Our initial research showed that (i) after aggregating across trials the spike times may often be assumed to follow an inhomogeneous Poisson process, (ii) Poisson nonparametric regression splines could provide a useful methodology for answering scientific questions of the sort frequently found in neurophysiological investigations, and (iii) when fixed-knot regression splines (or more generally, fixed-bandwidth smoothers) were inadequate, BARS did an excellent job of estimating the marginal intensity function. Figure 1 illustrates such a situation, where a sudden increase in firing rate occurred. We documented the very good frequentist properties of BARS, both small mean squared error and accurate coverage probability of posterior intervals. We have yet to find any example where another nonparametric method can produce a smaller mean squared error. We provided a good implementation of BARS, especially in the Poisson case we cared most about--because it applies to marginal intensity functions--where we incorporated earlier stepwise knot selection code produced by Charles Kooperberg. The software was put into the CRAN library and was described in Wallstrom, Kass, and Liebner (2008). A Matlab version was also created by Ryan Kelly. Kass (2008) gives an overview for neuroscientists.

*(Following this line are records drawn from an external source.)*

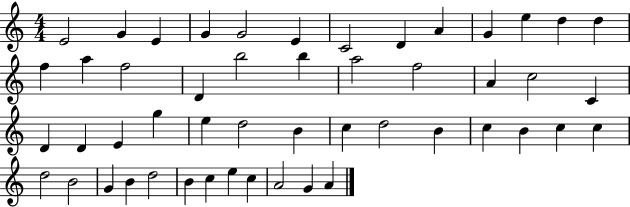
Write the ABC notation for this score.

X:1
T:Untitled
M:4/4
L:1/4
K:C
E2 G E G G2 E C2 D A G e d d f a f2 D b2 b a2 f2 A c2 C D D E g e d2 B c d2 B c B c c d2 B2 G B d2 B c e c A2 G A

We then used BARS to (i) assess variability of marginal intensity functions across multiple neurons, (ii) test equality of two or more marginal intensity functions, and (iii) estimate directional tuning functions. Results from (i), reported in Behseta et al. (2005), showed that the proportion of variation explained by the first principal component based on näive functional data analysis (FDA) can be severely biased upwards because it ignores the variability in estimation of the functions. In a simulation study based on our earlier analysis of 347 neurons from primary motor cortex, the method was 8 times more accurate than näive FDA. Our results from (ii), in Behseta and Kass (2005) and Behseta et al. (2007), provided what we considered to be an elegant answer to the question, ``Which time window should I use to compare firing rates?'' In our methods we used the entire experimental time interval to compare the marginal intensity functions: we chose a grid of time points at which to evaluate the two BARS estimates, retained the BARS covariance matrices, and applied a modified MANOVA. The modifications dealt with covariance matrices that were known but unequal and singular, and in Behseta et al. (2007) we derived the appropriate likelihood ratio tests (building on results that had appeared in the statistics literature about 10 years earlier). The methods are general and, in fact, we have also applied them to a problem in MEG imaging (Wang et al., 2010, Journal of Neurophysiology). For (iii) Kaufman, Ventura, and Kass (2005) developed an extension of BARS for circular applications, called cBARS, using a periodic spline basis. We showed that cBARS can provide the same kind of improvements compared to circular smoothing splines that BARS provides in the usual settings.

Within-Trial Analysis

Numerous papers in the literature have relied on the Poisson assumption, even though it has been known for a long time that spike trains are often discernably non-Poisson both in theory, according to stochastic differential equation models, and in practice. In parallel with our work on marginal intensities, for trial-averaged firing rates, we have developed methodology based on conditional intensity functions for non-Poisson within-trial analysis. This has several components. First, it is important to know how sensitive methods are to realistic departures from Poisson processes. Second, it is very helpful to have models that can accommodate non-Poisson point processes, where spiking history comes into play. Third, it is sometimes possible and desirable to characterize trial-specific effects, including sources of trial-to-trial variability. This requires within-trial methodology.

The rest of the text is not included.